» **DATA FOR THE TASK**
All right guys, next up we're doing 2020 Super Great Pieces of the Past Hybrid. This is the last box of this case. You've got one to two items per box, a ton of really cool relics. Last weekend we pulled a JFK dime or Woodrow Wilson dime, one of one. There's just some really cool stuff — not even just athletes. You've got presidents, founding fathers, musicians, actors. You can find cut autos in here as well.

---

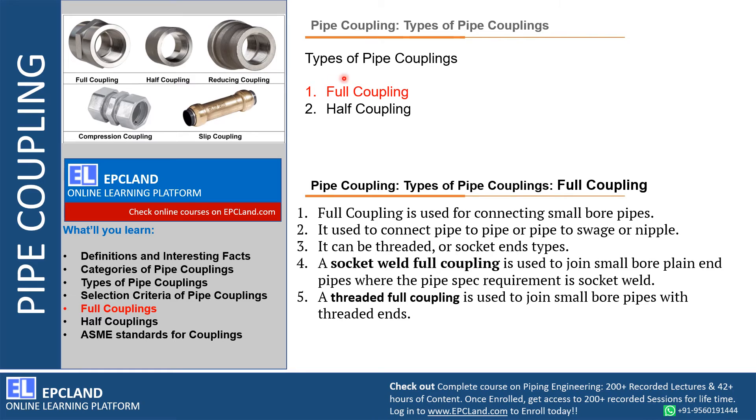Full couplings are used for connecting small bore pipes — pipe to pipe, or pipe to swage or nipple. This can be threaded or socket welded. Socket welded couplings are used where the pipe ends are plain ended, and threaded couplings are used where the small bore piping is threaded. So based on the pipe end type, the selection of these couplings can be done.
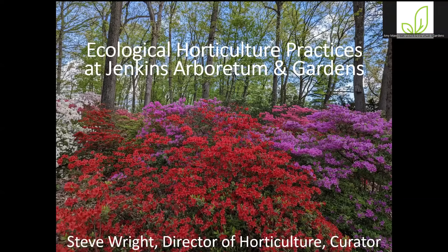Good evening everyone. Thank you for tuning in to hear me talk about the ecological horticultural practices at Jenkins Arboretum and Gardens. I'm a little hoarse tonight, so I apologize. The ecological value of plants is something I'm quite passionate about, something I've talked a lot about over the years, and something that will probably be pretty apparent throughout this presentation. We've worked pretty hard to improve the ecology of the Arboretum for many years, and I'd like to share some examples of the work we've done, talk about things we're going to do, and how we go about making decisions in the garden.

...

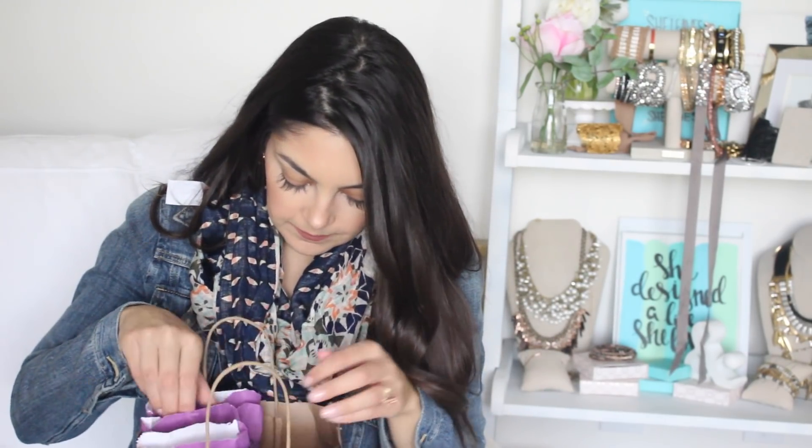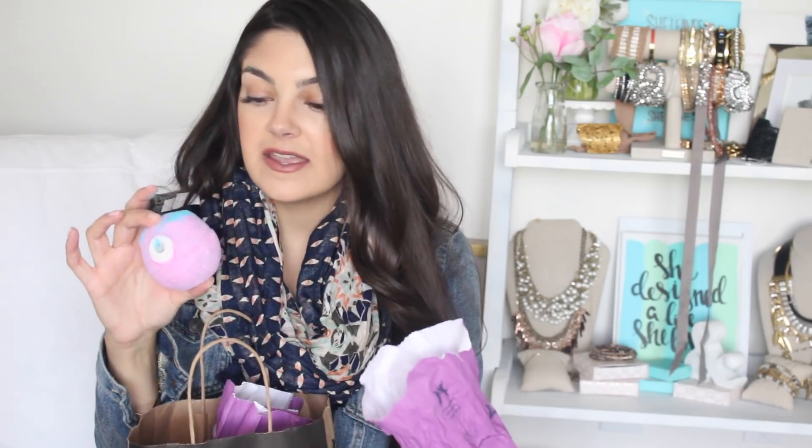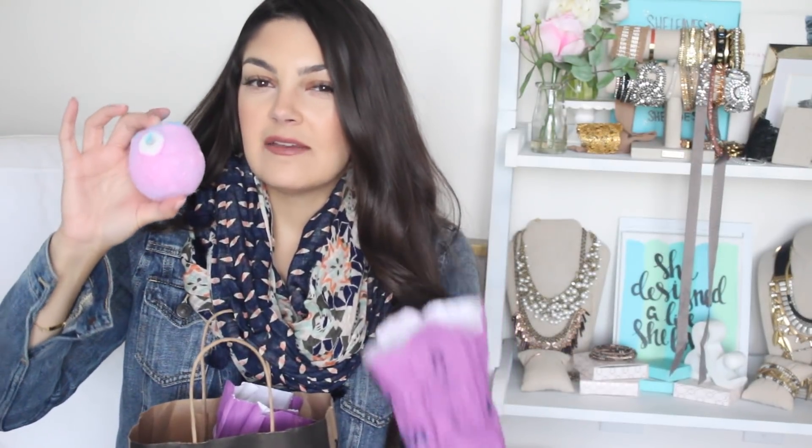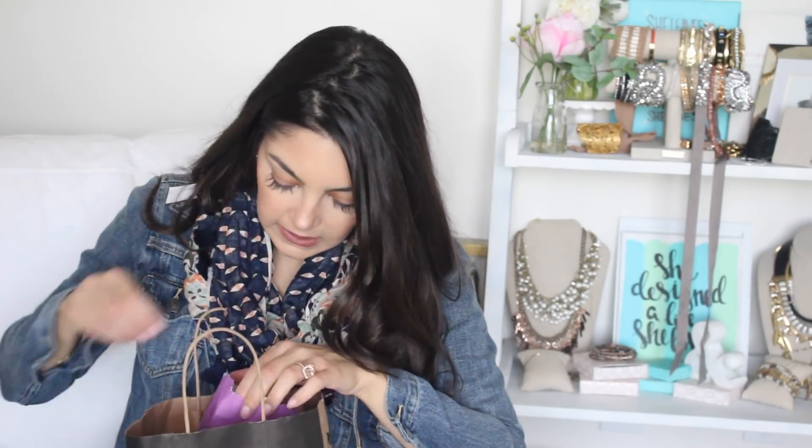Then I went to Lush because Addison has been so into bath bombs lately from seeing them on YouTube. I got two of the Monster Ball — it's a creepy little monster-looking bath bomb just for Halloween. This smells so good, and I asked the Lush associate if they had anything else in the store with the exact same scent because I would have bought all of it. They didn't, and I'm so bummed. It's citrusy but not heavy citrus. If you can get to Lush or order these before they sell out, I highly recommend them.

» **EXERCISE**
Above are the records; copy from them only the lines starting at the one containing "Full couplings are" and ending at the one containing "Good evening everyone.", exactly and without pictures.

» **SOLUTION**
Full couplings are used for connecting small bore pipes — pipe to pipe, or pipe to swage or nipple. This can be threaded or socket welded. Socket welded couplings are used where the pipe ends are plain ended, and threaded couplings are used where the small bore piping is threaded. So based on the pipe end type, the selection of these couplings can be done.
Good evening everyone. Thank you for tuning in to hear me talk about the ecological horticultural practices at Jenkins Arboretum and Gardens. I'm a little hoarse tonight, so I apologize. The ecological value of plants is something I'm quite passionate about, something I've talked a lot about over the years, and something that will probably be pretty apparent throughout this presentation. We've worked pretty hard to improve the ecology of the Arboretum for many years, and I'd like to share some examples of the work we've done, talk about things we're going to do, and how we go about making decisions in the garden.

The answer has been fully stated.